Task instructions: Word for word, transcribe the listing that follows, minus any pictures.

Data segment:
##############################

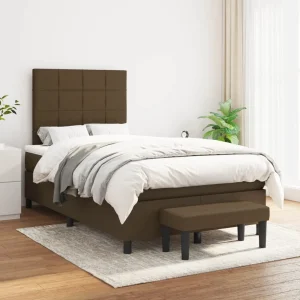 Boxspring met matras 120x200 cm donkerbruin stof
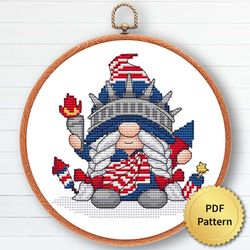 USA Patriot Gnome Cross Stitch Pattern, Easy Cute 4th July, America Independence, Embroidery, Counted Chart, 1 of 6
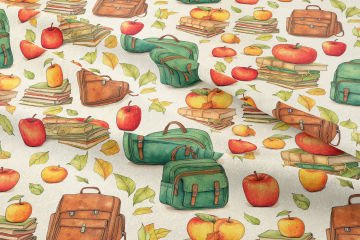 Back to School- Okula Dönüş, Yeşil Sırt Çantası, Kitaplar, Elma, Yaprak Desenli Dijital Baskılı Kumaş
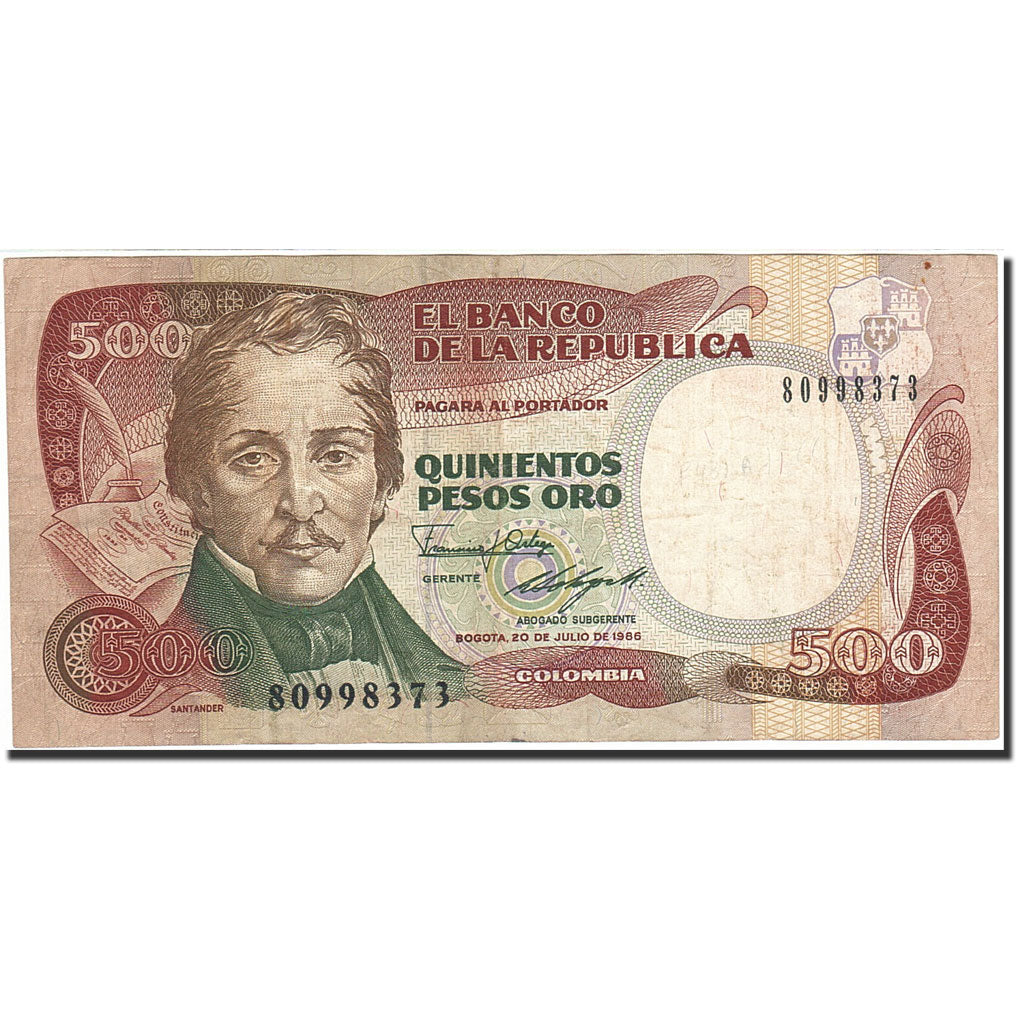 Colombia, 500 Pesos Oro, 1986-1987, KM:431, 1986-07-20, VF(20-25)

##############################

Task solution:
 Boxspring met matras 120x200 cm donkerbruin stof
 USA Patriot Gnome Cross Stitch Pattern, Easy Cute 4th July, America Independence, Embroidery, Counted Chart, 1 of 6
 Back to School- Okula Dönüş, Yeşil Sırt Çantası, Kitaplar, Elma, Yaprak Desenli Dijital Baskılı Kumaş
 Colombia, 500 Pesos Oro, 1986-1987, KM:431, 1986-07-20, VF(20-25)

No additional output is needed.